Outgoing principal’s unique approach
Getting summoned to the principal’s office is not what it used to be.
These days, pupils at Murrays Bay Intermediate School on Auckland’s North Shore were keen meet with their outgoing principal and Mt Albert resident, Colin Dale, whom they described as ‘‘kind’’.
‘‘He’s really welcoming and happy to stop and help,’’ said school leader Ella Dorward, 12.
‘‘It’s really cool to have an approachable principal, it makes you feel a bit more confident.’’
Dale described this approach as an ‘‘invitational ideology’’. Despite a long list of achievements, after 15 years at the school, this was what Dale said he was most proud of.
‘‘When I first came here, there were queues for the deans. [Now] we don’t have any kids in trouble because they want to be here.’’
Pupils also said their principal had given them plenty of opportunities to do ‘‘cool things’’, such as studying everything from dance to leadership development.
Dale said such programmes were not just about being fun, they were about ensuring pupils would be employable in the future, in jobs that may not have been created yet.
‘‘I think I’m future-focused and determined to have pupils who are prepared for a world that’s very different to what it is today,’’ he said.
Dale had built Murrays Bay to be one of the largest and most progressive intermediate schools in the country, with the roll growing from 650 to 1050.
Attractions included a high- performance sports programme, an international department, digital learning, and subjects like sustainability and coding.
After leading four different schools, Dale felt it was time to step down as principal. His last day would be July 7 but it comes with a tinge of sadness.
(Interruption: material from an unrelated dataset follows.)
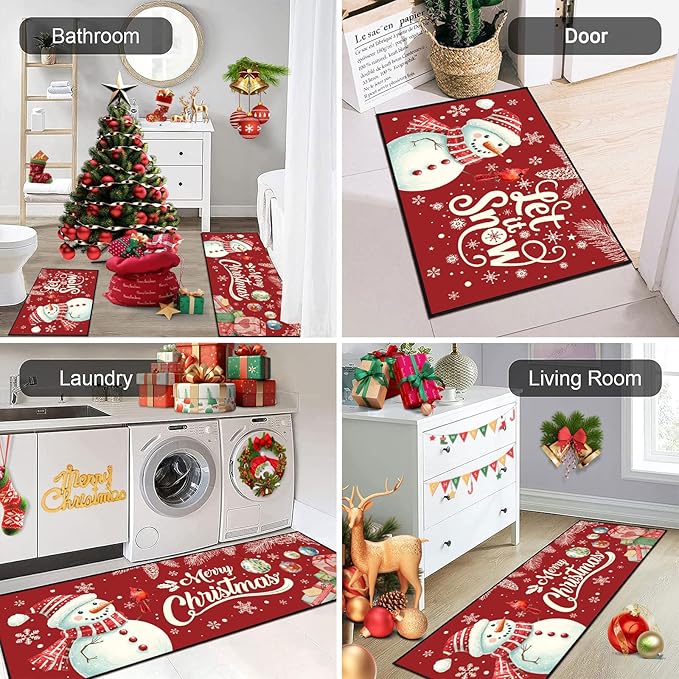Christmas Snowman Kitchen Rugs Non-Slip Holiday Floor Mats 2 Piece Set Vintage Decor Soft Absorbent for Sink Front 17x30 and 17x47 Inches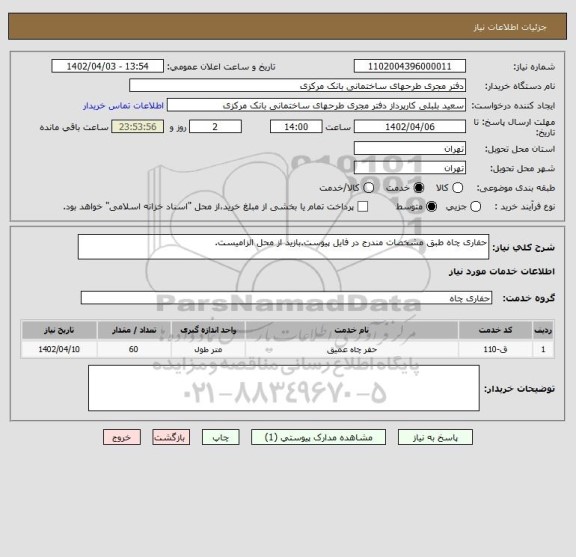 استعلام حفاری چاه طبق مشخصات مندرج در فایل پیوست.بازید از محل الزامیست.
‘‘It has been one of the best experiences of my life. It’s a stunning community and a most fantastic group of professionals … It’s hard to imagine where one would see so many good kids in one place.’’
Dale was the latest in a string of Shore principals who were leaving their roles, but he said there was nothing sinister in the changes.
At 65, Dale simply felt it was time to do part-time work and he had lots of offers.
The search for a replacement was continuing and pupils were planning a big send-off.